Okay, so I'm learning some QFT, I read through Bogoliubov, Shirkov Introduction to Quantized Fields up to the section on renormalization, and then wanted to see a more modern point of view- so I started a-googling and now I'm coming to understand a bit more about gauge theories and what exactly the Standard Model is.
ANYWAY- I'm still a bit troubled and confused about the basis of the whole theory. So many physically 'real' phenomena arise out of pure formalisms involved with perturbation, such as the actual interactions mediated by gauge bosons which, in a way, are just pieces of terms in a perturbative expansion- correct? They're also, conveniently and beautifully, artifacts emerging from the structure of gauge formalism.

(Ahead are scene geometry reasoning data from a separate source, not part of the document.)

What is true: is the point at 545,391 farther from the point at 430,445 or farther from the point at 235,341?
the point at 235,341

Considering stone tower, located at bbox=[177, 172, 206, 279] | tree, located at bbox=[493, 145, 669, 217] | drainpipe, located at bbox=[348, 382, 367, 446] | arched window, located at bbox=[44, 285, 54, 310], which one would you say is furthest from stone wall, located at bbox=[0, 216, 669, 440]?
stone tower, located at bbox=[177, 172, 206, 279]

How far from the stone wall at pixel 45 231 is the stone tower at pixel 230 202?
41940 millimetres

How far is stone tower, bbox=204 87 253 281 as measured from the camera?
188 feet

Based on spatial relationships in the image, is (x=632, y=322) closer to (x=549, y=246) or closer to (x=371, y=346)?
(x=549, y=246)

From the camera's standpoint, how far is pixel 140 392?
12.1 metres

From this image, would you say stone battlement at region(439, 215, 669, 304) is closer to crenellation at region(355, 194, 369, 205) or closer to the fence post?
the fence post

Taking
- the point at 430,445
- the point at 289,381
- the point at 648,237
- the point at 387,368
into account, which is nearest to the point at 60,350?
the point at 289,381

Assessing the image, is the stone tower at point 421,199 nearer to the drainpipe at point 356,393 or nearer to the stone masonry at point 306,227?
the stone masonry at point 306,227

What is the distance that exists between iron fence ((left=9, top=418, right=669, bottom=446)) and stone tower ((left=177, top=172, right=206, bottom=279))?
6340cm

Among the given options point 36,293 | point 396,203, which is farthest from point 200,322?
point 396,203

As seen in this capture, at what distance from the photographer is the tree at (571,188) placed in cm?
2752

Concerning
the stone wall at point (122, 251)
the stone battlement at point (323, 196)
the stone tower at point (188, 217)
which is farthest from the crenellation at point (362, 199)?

Now, I do quite love this abstract nonsense, but isn't this fundamentally different from the physical reality arising in other branches of physics? In GR, another (gauge?) field theory, the stance on reality is quite different.
That is- How does one place QFT's reality in context with that of other areas of physics?
EDIT- By 'reality' I mean those phenomena exhibited by the formalisms that are to be considered physical, as opposed to unphysical. For example, again in GR there is a consensus that some regions of Schwarzschild are not 'real', so we concern ourselves with the dynamics of the other regions. Trying to weed through QFT with this sort of logic seems very difficult.